Moreover, for the detection device mentioned at the outset, the object of further improving the efficiency and the processing speed of a convolutional neural network is achieved in that the computing unit is further designed to, in the first layer, carry out a first one-dimensional convolution by convoluting a first one-dimensional filter kernel with a first one-dimensional data vector extracted from the data cube, and, in parallel to the first one-dimensional convolution, in the first layer, carry out a second one-dimensional convolution by convoluting a second one-dimensional filter kernel with the same one-dimensional data vector extracted from the data cube, in order determine said first bundle of feature maps.

As mentioned previously, the method and the device according to the present disclosure allow to process large data sets more efficiently, which may arise especially in applications with hyperspectral or multispectral cameras. Hence, the discussed objective is further achieved by an arrangement comprising a detection according to the present disclosure and a hyperspectral or multispectral camera, the hyperspectral or multispectral camera being designed to record a hyperspectral or multispectral image of an object to be detected and to transfer it to the detection device as a three-dimensional image data cube for processing in the neural network provided in the computing unit.

BRIEF DESCRIPTION OF DRAWINGS

The present disclosure is described in greater detail below with reference to FIGS. 1 to 6, which show schematic and non-limiting advantageous embodiments of the present disclosure by way of example. The specific examples described herein are only used to explain the content of the present disclosure and are not intended to limit the present embodiment.

FIG. 1 is a classical CNN classifier network for image data processing.

FIG. 2 is a one-dimensional CNN classifier network.

FIG. 3 is a Fully Connected Layers (FCL) replaced by Convolutional Layers.

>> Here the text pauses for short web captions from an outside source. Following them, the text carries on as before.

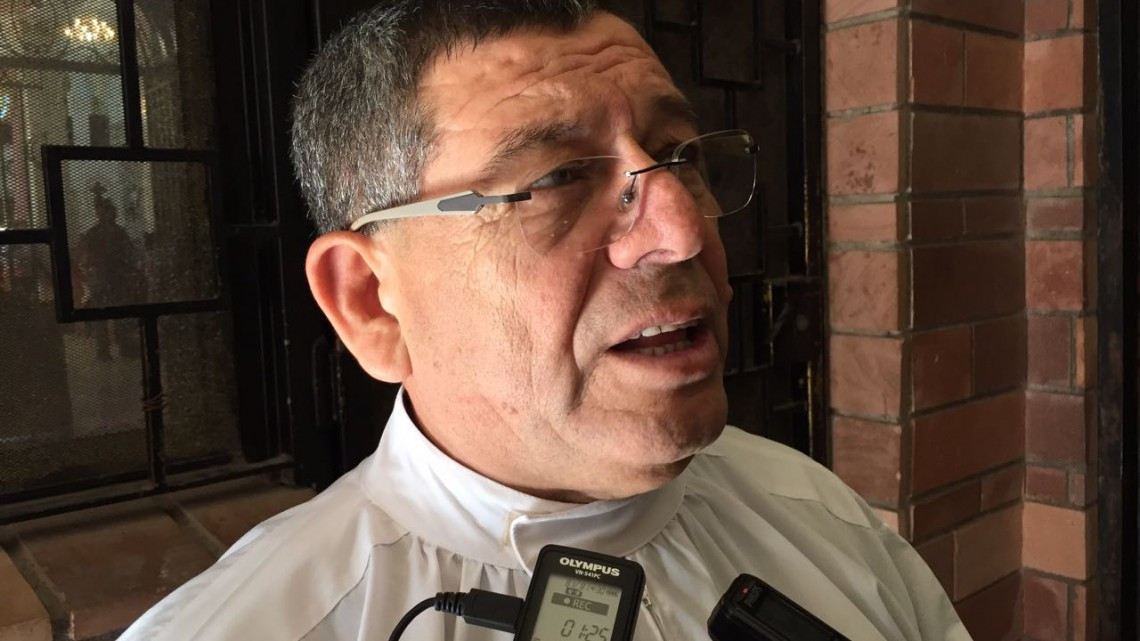 Miles de fieles católicos visitan a la virgen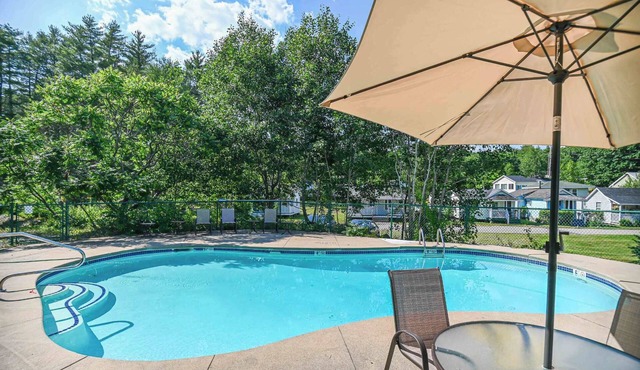 Pool | BBQ | Outdoor Seating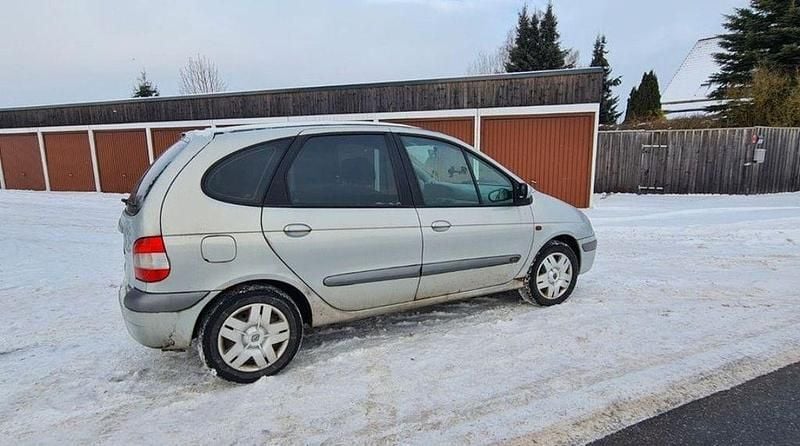 Gebraucht Renault Scénic 107 PS (78 kW) 2002 Silber Van / Kleinbus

FIG. 4 is a one-dimensional network transformed to a two-dimensional representation.

FIG. 5 is a parallelized one-dimensional CNN classifier network.

FIG. 6 is an arrangement comprising a detection device according to the present disclosure, and a hyper-spectral camera.

DETAILED DESCRIPTION

Neural networks, such as convolutional neural networks, feed forward neural networks, recurrent neural networks, perceptrons, multilayer perceptrons, Radial Basis Functional Neural Network, Modular Neural Networks etc. are frequently used to solve tasks like classification or identification. In the important case of hyperspectral analysis, CNNs assume a dominant role. Even though the present disclosure may be applied to all types of above-mentioned networks, in the following CNNs are considered, only by mere way of example, however.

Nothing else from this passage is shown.